_Exercise description:_
Out of the material that follows, write out exactly the lines from the line with "Nervous woman with" to the line with "A person ashing a cigarette into an ashtray", both ends included, and no others.
====== Record set ======
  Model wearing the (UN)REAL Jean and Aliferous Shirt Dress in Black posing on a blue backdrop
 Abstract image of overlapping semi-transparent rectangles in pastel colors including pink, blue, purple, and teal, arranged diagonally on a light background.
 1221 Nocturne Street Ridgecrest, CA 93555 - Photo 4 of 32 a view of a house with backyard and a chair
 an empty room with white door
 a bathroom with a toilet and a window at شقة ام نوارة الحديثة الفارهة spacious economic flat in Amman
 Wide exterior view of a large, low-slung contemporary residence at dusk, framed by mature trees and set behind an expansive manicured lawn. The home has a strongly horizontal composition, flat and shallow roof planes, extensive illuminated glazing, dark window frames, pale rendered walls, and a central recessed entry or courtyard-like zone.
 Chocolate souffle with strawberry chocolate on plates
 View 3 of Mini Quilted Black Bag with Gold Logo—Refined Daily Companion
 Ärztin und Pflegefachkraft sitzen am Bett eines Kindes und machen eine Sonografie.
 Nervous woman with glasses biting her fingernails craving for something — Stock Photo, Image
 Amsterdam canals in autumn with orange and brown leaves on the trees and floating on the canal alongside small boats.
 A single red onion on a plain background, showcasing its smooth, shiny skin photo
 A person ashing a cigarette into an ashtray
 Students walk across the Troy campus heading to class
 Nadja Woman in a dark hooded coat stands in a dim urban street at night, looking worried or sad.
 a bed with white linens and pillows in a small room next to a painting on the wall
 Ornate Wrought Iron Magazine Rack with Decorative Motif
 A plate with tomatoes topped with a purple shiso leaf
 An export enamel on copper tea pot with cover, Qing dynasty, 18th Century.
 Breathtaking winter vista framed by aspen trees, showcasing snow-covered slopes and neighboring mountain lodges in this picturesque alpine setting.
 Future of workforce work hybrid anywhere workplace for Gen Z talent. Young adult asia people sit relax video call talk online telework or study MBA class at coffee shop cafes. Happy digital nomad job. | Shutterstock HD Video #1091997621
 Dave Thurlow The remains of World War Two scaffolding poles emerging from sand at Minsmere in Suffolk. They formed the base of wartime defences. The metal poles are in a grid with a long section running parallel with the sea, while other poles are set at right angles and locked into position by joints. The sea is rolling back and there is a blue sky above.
======
_Reply:_
 Nervous woman with glasses biting her fingernails craving for something — Stock Photo, Image
 Amsterdam canals in autumn with orange and brown leaves on the trees and floating on the canal alongside small boats.
 A single red onion on a plain background, showcasing its smooth, shiny skin photo
 A person ashing a cigarette into an ashtray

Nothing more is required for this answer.